What a modal verb is and the one rule that matters
A modal verb adds a meaning like must, can or want, and is followed by a second verb in the infinitive.
A modal verb is a small helper verb that does not usually stand alone — it props up a main verb and tells you the speaker's attitude towards it: obligation (must), ability (can), desire (want) or knowledge (know how to). English does exactly the same thing: in I must go, the word must is a modal and go is the real action.
French has the same idea, and one rule governs all of it:
Conjugate the modal verb to match the subject, and leave the second verb in the infinitive (the to- / dictionary form).
The infinitive in French is the unconjugated form ending in -er, -ir or -re: manger (to eat), finir (to finish), prendre (to take). After a modal, that form never changes.
| French | Word-by-word | Natural English |
|---|---|---|
| Je veux manger. | I want to-eat | I want to eat. |
| Tu peux venir. | you can to-come | You can come. |
| Il doit partir. | he must to-leave | He has to leave. |
| Nous savons nager. | we know to-swim | We know how to swim. |
Notice there is no word for 'to' between the modal and the infinitive in French — the infinitive already contains that idea.

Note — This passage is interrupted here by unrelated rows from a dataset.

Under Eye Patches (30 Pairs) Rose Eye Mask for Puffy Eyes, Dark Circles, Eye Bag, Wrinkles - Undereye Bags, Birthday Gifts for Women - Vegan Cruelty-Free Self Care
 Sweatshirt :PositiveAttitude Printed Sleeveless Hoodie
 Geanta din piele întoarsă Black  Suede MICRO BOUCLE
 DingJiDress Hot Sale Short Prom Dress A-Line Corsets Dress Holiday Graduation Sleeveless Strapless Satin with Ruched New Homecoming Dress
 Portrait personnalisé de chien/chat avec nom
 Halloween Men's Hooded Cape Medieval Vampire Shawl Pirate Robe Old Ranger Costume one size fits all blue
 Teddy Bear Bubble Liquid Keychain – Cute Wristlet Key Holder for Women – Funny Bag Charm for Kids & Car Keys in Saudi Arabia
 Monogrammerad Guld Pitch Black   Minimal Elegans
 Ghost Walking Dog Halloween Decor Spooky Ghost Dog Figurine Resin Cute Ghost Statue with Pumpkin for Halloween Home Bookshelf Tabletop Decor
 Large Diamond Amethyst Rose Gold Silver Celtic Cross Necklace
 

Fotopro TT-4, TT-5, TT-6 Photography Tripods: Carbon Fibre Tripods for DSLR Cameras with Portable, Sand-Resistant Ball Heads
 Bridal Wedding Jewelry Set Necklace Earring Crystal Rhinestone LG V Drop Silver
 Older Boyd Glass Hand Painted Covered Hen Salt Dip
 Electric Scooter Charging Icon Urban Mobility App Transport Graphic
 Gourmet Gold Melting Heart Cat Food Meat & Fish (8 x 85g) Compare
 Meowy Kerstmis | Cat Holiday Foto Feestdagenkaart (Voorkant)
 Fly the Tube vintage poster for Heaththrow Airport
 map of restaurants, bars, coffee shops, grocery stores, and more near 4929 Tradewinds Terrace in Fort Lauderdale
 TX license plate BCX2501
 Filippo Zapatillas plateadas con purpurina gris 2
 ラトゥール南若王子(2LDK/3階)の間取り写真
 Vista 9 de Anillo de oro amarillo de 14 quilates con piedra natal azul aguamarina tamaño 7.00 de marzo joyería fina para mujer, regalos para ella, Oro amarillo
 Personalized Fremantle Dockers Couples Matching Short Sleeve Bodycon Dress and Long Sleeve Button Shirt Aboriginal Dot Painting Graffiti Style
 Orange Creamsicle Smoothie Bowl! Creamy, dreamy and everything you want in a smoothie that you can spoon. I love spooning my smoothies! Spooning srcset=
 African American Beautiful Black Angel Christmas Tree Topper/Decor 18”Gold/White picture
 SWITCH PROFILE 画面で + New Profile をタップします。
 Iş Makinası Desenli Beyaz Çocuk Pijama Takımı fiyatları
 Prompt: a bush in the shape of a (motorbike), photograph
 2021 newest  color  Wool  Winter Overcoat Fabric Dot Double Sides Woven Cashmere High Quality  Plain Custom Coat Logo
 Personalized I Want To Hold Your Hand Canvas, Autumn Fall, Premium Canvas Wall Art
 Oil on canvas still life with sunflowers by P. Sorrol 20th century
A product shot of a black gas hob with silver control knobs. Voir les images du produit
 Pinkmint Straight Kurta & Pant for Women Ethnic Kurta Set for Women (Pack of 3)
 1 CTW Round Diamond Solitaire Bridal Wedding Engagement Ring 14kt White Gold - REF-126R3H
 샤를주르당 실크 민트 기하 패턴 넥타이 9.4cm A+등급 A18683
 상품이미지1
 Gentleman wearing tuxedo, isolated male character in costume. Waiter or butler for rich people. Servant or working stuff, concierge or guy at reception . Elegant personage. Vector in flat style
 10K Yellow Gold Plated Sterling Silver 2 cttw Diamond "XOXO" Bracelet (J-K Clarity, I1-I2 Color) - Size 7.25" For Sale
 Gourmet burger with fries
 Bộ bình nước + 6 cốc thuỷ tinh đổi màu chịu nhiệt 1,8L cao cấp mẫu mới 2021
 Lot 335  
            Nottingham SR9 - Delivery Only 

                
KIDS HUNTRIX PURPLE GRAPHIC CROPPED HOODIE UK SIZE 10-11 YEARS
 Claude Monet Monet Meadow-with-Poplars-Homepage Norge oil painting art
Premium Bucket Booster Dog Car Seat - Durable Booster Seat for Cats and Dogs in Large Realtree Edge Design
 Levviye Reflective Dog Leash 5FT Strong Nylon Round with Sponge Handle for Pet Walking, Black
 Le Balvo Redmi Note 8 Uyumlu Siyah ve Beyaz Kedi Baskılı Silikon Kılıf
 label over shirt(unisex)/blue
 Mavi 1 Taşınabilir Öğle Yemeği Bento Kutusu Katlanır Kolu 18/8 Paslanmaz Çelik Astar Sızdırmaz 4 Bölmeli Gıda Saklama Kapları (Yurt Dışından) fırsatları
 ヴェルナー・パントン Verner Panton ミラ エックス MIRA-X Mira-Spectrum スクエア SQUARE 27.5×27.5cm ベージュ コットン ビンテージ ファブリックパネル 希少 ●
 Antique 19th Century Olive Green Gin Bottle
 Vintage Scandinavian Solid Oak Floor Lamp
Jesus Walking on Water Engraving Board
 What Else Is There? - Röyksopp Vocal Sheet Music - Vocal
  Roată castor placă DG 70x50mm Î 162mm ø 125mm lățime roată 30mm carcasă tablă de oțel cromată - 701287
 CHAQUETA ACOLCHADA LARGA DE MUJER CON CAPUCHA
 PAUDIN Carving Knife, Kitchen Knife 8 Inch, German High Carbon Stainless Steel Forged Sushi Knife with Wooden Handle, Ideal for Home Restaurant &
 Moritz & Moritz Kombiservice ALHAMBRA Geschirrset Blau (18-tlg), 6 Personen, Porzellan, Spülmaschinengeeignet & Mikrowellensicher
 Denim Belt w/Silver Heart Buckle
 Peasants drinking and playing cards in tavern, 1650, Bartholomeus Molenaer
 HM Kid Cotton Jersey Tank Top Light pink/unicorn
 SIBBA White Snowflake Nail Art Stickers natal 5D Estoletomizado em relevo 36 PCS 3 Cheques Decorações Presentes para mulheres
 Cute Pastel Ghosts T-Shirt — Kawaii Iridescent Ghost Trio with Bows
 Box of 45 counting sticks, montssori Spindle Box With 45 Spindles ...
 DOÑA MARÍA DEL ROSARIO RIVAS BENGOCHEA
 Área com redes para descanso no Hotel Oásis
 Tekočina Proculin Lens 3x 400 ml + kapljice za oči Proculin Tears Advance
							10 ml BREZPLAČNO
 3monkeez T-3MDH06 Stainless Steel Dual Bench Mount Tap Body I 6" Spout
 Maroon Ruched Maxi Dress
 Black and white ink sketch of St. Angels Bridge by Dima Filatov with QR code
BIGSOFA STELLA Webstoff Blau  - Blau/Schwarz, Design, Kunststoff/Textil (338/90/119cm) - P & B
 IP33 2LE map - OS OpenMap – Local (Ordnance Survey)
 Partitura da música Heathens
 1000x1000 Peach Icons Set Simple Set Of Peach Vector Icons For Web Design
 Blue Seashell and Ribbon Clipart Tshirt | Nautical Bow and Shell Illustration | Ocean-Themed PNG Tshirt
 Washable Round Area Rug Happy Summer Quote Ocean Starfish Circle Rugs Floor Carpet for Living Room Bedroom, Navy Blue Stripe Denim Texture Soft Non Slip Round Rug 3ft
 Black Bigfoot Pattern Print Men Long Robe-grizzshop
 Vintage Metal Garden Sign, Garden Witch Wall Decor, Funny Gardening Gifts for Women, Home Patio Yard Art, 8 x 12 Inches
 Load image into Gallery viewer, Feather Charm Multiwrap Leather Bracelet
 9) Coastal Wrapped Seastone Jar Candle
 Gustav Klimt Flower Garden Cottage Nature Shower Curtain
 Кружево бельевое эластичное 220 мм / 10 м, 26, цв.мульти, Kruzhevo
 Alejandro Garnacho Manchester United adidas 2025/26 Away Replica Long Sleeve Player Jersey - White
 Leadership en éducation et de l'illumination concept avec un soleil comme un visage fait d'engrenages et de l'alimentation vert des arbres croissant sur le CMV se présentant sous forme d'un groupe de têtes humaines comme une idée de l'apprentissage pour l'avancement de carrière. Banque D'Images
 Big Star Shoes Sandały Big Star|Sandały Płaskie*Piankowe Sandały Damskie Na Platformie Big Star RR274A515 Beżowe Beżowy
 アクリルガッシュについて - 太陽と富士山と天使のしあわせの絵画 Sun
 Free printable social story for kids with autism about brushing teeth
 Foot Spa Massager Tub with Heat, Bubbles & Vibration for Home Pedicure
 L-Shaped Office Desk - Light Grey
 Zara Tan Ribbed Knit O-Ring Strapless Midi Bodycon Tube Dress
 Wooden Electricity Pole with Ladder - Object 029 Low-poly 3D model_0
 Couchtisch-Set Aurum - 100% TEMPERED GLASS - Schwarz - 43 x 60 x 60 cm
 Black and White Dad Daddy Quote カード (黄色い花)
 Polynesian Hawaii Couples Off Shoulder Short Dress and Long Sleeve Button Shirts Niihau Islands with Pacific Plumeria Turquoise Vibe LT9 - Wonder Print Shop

So je veux manger is literally "I want eat", and that is correct.
Worked mini-example. Build "We can speak French": choose the modal pouvoir (can), conjugate it for nous → nous pouvons, then add the infinitive parler (to speak). Result: Nous pouvons parler français. The verb parler stays in the infinitive — do not write nous pouvons parlons.
- A modal verb carries a meaning like must / can / want / know-how-to.
- Conjugate the modal; keep the second verb as an infinitive (-er, -ir, -re).
- There is no separate word for 'to' between them — the infinitive holds that meaning.
- Je veux manger = I want to eat; never je veux mange.